So someone posted this "so true" (if you're to believe the comments on it) bit of "wisdom" on another group:
Our 'drugged' generation The other day, someone at a store in our town read that a Methamphetamine lab had been found in an old farmhouse in the adjoining county and he asked me a rhetorical question. 'Why didn't we have a drug problem when you and I were growing up?' I replied, I had a drug problem when I was young: I was drug to church on Sunday morning. I was drug to church for weddings and funerals. I was drug to family reunions and community socials no matter the weather. I was drug by my ears when I was disrespectful to adults. I was also drug to the woodshed when I disobeyed my parents, told a lie, brought home a bad report card, did not speak with respect, spoke ill of the teacher or the preacher, or if I didn't put forth my best effort in everything that was asked of me. I was drug to the kitchen sink to have my mouth washed out with soap if I uttered a profanity. I was drug out to pull weeds in mom's garden and flowerbeds and cocklebur's out of dad's fields. I was drug to the homes of family, friends and neighbors to help out some poor soul who had no one to mow the yard, repair the clothesline, or chop some firewood; and, if my mother had ever known that I took a single dime as a tip for this kindness, she would have drug me back to the woodshed. Those drugs are still in my veins and they affect my behavior in everything I do, say, or think. They are stronger than cocaine, crack, or heroin; and, if today's children had this kind of drug problem, America would be a better place. God bless the parents who drugged us.

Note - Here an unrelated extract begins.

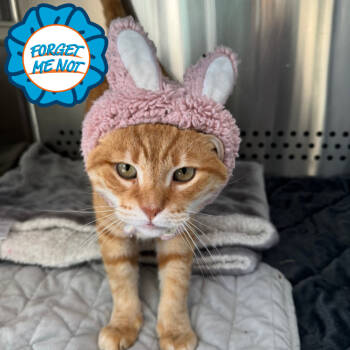 Rescue Domestic Short Hair Cats for Adoption in Baltimore, Maryland - Sam | PetCurious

Are you serious with this?
I don't know how I didn't end up a crack addict, then, because I was never "drug" to church, or had my mouth washed out with soap, or even got a bad report card. According to this, though, I should be strung out on heroine somewhere.
Why do people feel the need to reminisce on the "good old days" that never existed? I'm not quite sure what time period this person grew up, but if it was during my day, there were drugs aplenty. I just never chose to indulge.
If they were talking about my parents' generation, they also had drugs aplenty. They just chose never to indulge.
If they were talking about an earlier time, there still were drugs and alcohol. And there are plenty of stories (in our own personal histories, as well as historical accounts) that show that addiction has existed as far back as we can see.
To try to tie it all up neatly in a fictional account of how things were is not only a waste of time, but can be dangerous.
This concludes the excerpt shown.